One of the hottest topics surrounding the outages this quarter is not how the problem happened, but how the company handled it. And when companies showed true transparency in the process, as GitLab and Instapaper did, they were heaped with praise instead of criticism. These cases prove that a disaster can be turned around into an opportunity to strengthen — rather than harm — one’s reputation.
That being said, no disaster is always better than a well-handled disaster. To learn about how companies are using the cloud to implement affordable, enterprise-grade disaster recovery, check out this free white paper. And be sure to take away the practical tips from the lessons learned from these 7 incidents of system downtime below.
1. United Airlines grounds all flights due to computer outage
When: January 22
Duration: 2 hours
What Happened: A computer malfunction led to the grounding of all domestic flights for the third-largest U.S. airline. Airports across the country were forced to tweet out messages about the technical issues after receiving overwhelming numbers of complaints. While they did not share how many flights were affected, United did release a statement that they were working as quickly as possible to resolve the issue. Interestingly, international flights continued to operate on schedule during the outage.
They are saying international flights aren’t grounded. So put me on a flight to the Bahamas and I’ll parachute out over tampa. Miss my kids!

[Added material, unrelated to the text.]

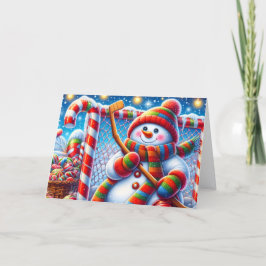 Cute Snowman Hockey Goalie Christmas シーズンカード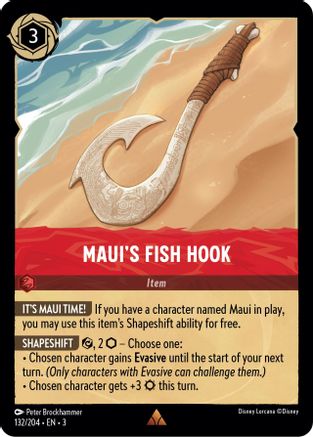 Maui's Fish Hook (132/204) [Into the Inklands] Cold Foil Lorcana Single Disney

— larryboatright (@larryboatright) January 23, 2017
2. A startup with $25 million in funding is in crisis mode because an employee deleted the wrong files
When: January 31
Duration: 18 hours
What Happened: A GitLab employee error led to one of the most talked-about outages this quarter. In the effort to fix a slowdown on the site, a system administrator accidentally typed the command to delete the primary database. Because GitLab had to restore a 6-hour-old backup, that meant any data created in that six-hour window may have been permanently lost. While some companies could lose their users’ trust and reputation over an error like this, GitLab took the crisis as an opportunity to demonstrate their transparency. The strategy worked: Thousands of users took to Twitter to praise GitLab’s transparency in their handling of the disaster, both in real time and post-mortem. Many things were learned from this crisis, but these five lessons on disaster recovery are particularly valuable.
@gitlabstatus Extremely impressed with the level of transparency- good luck getting it cleaned up.
— Adam Caudill (@adamcaudill) February 1, 2017
— Carlos C Soto (@eclipxoide) February 1, 2017
3. Instapaper says it’s now fully restored after last week’s outage
When: February 9
Duration: 31 hours (returned in a limited capacity)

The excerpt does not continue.